CRITICS CHOICE 2002

No one has done more to link the improvised-music communities of Vienna and Chicago than saxophonist and computer musician Boris Hauf.
True, his countrymen in the group Polwechsel are no strangers to town: since 1997 they’ve played Chicago both as a unit and in mix-and-match collaborations masterminded by local bass clarinetist Gene Coleman, and Polwechsel guitarist and composer Burkhard Stangl staged the third part of his opera Venusmond here in 2000.
Hauf travels in similar circles–he contributed to Venusmond and plays with Stangl in a band called Efzeg–but he’s the only Viennese improviser who’s gone so far as to live in Chicago.

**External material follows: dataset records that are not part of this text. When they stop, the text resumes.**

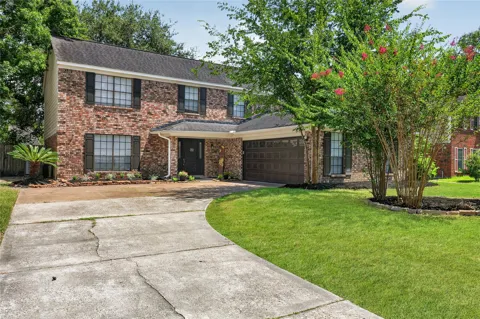 3806 Forest Village Drive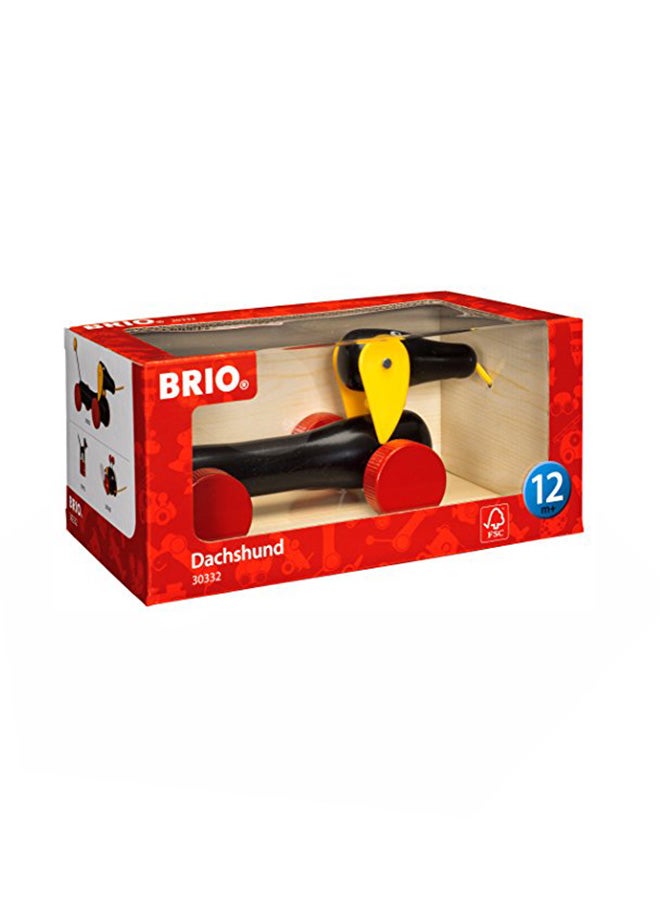 بريو لعبة سحب الداشهند - Image 5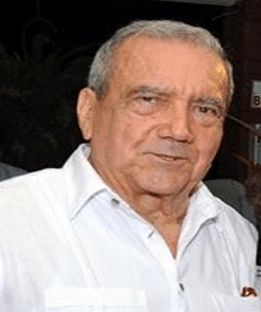 Félix Trujillo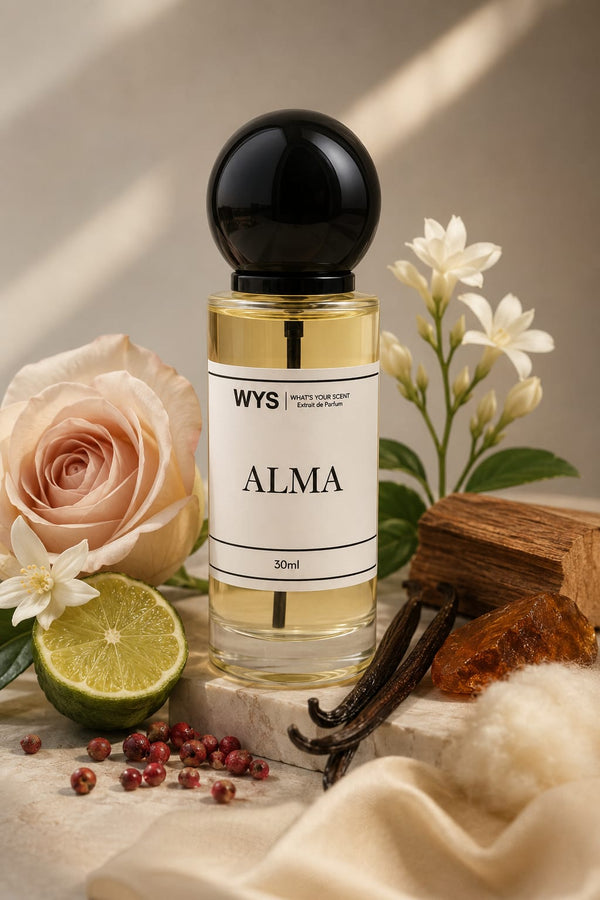 ALMA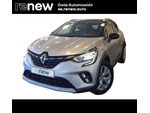 Renault Captur II Zen miniatura 2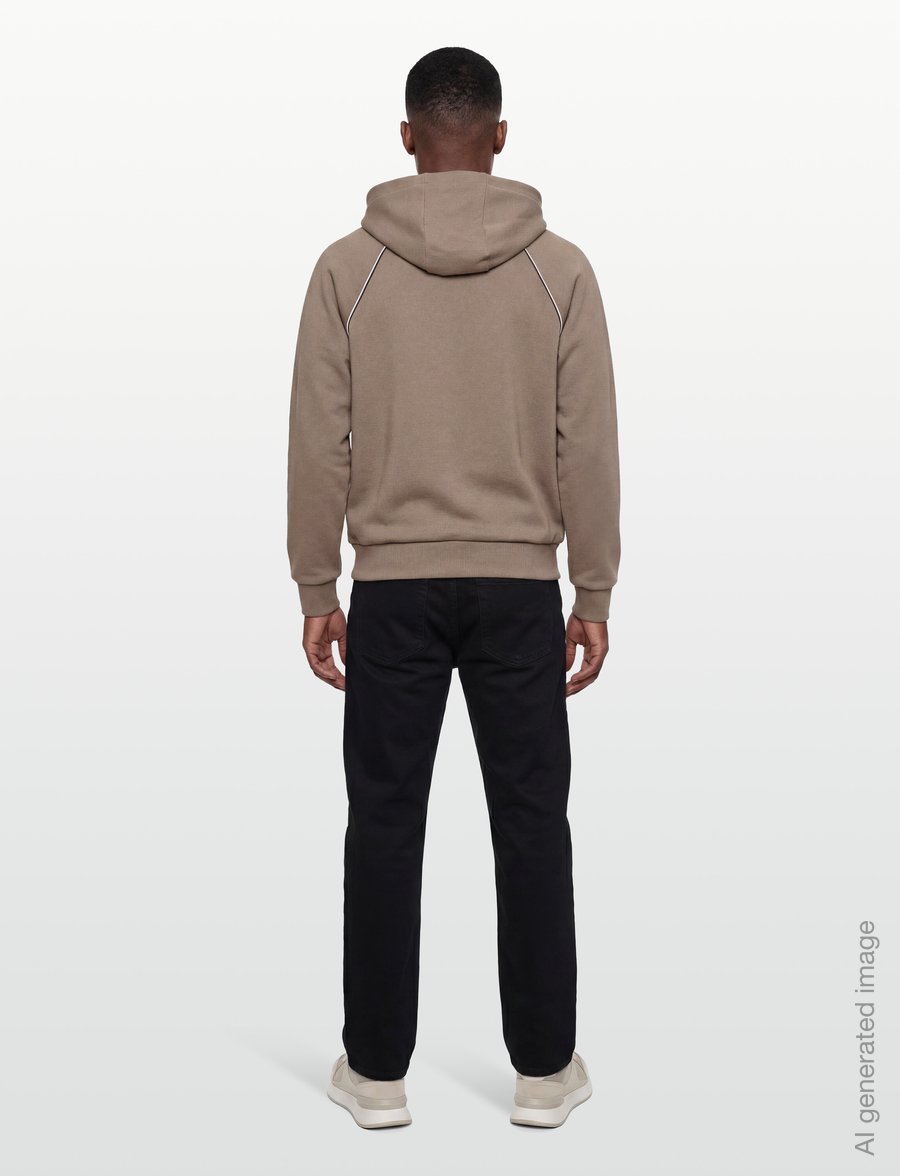 BOSS - SW_Join Saggy - sweatshirts - light/pastel green - 4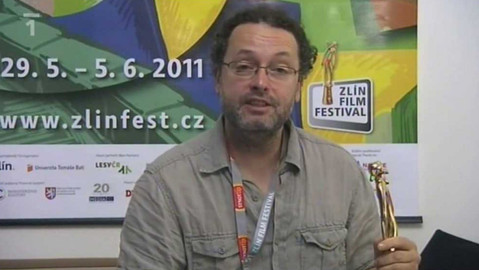 Zlín Film Festival - 7/8 Zlínské festivalové minuty 2011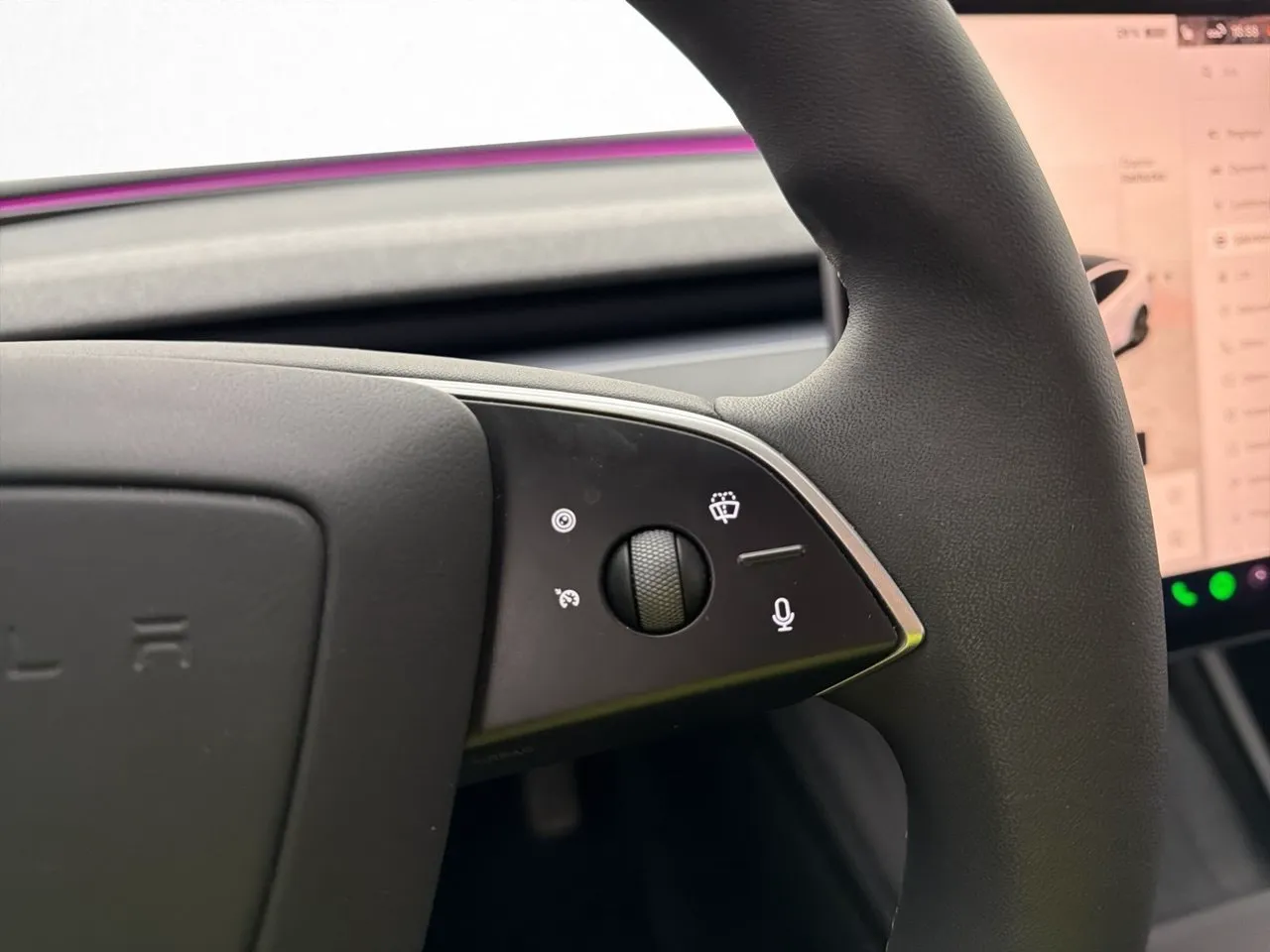 Tesla Model 3 bild 16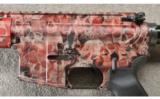 Black Rain Ordnance ~ Crypt Series Red ~ 5.56 Nato ~ NEW! - 8 of 9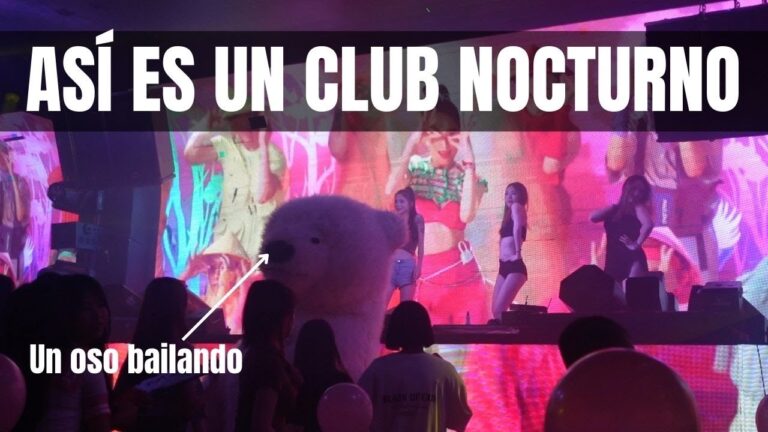 Diversi&oacute;n Nocturna en el Escenario Principal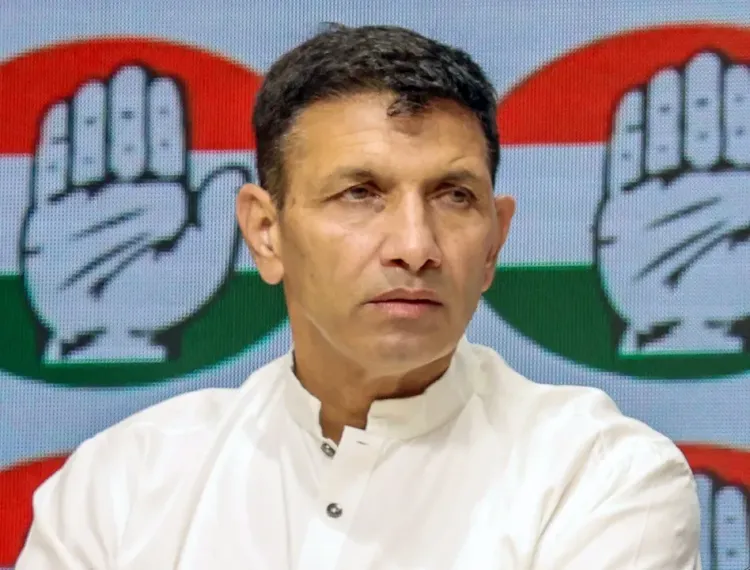 मध्य प्रदेश शराब टेंडर विवाद: जीतू पटवारी ने CM मोहन यादव से माँगी उच्चस्तरीय जाँच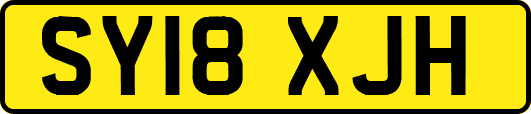 SY18XJH
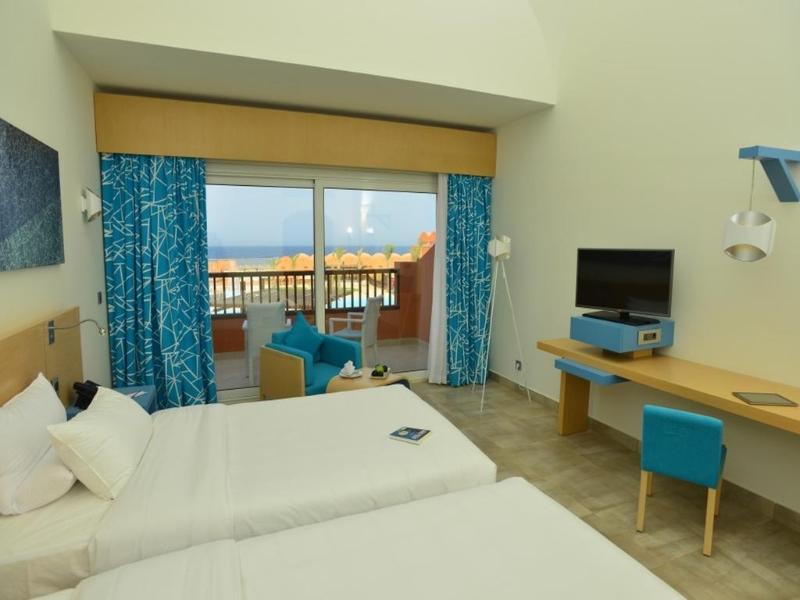 Novotel Marsa Alam Beach Resort - Genel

Since 1998 Hauf has spent part of each year here, working with a wide range of locals–among them category-crushing rock band Lozenge, laptop trio TV Pow, and electronicist and guitarist Adam Sonderberg (with whom he’s recorded two CD-Rs). On saxophone he eschews tunes, preferring a highly evolved, texture-oriented vocabulary that includes squelchy wet kisses, long breathy whistles, and fine-grained multiphonics.
Even when he switches to laptop, he shows a profound appreciation for the physicality of sound; at a Deadtech concert last year, one of his primary signal sources was the amplified creaking of his Powerbook’s hinges. This weekend’s concerts conclude Hauf’s current two-month residence in Chicago. Saturday he’ll play computer alone, with Sonderberg, and in a five-way face-off with Sonderberg and TV Pow; Sunday he’ll play a solo computer set and then go analog, picking up his saxophone to join headliners Lozenge.